- [Activity] Each line from the one containing "Onion pink elegant" through the last line of the material below is to be transcribed exactly, with nothing else included.

- [The data]
=-=-=
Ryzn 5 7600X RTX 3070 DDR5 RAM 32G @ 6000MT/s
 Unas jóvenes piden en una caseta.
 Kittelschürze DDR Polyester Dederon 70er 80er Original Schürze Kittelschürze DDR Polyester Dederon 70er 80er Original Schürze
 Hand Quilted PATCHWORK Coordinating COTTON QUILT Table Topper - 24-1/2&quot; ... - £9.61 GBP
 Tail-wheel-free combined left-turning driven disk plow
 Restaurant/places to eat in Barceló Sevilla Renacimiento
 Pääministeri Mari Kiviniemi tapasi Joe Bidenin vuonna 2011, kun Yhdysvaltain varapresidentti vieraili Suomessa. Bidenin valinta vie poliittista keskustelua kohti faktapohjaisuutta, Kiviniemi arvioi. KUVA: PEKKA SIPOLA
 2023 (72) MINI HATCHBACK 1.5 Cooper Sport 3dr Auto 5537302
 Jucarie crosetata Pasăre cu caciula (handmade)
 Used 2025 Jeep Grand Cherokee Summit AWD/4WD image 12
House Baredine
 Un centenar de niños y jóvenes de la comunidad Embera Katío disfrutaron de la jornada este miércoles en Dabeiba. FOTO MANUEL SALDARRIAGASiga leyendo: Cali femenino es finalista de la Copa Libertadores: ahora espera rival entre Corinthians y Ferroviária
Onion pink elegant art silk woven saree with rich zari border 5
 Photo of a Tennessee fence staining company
=-=-=
- [Solution to this task]
Onion pink elegant art silk woven saree with rich zari border 5
 Photo of a Tennessee fence staining company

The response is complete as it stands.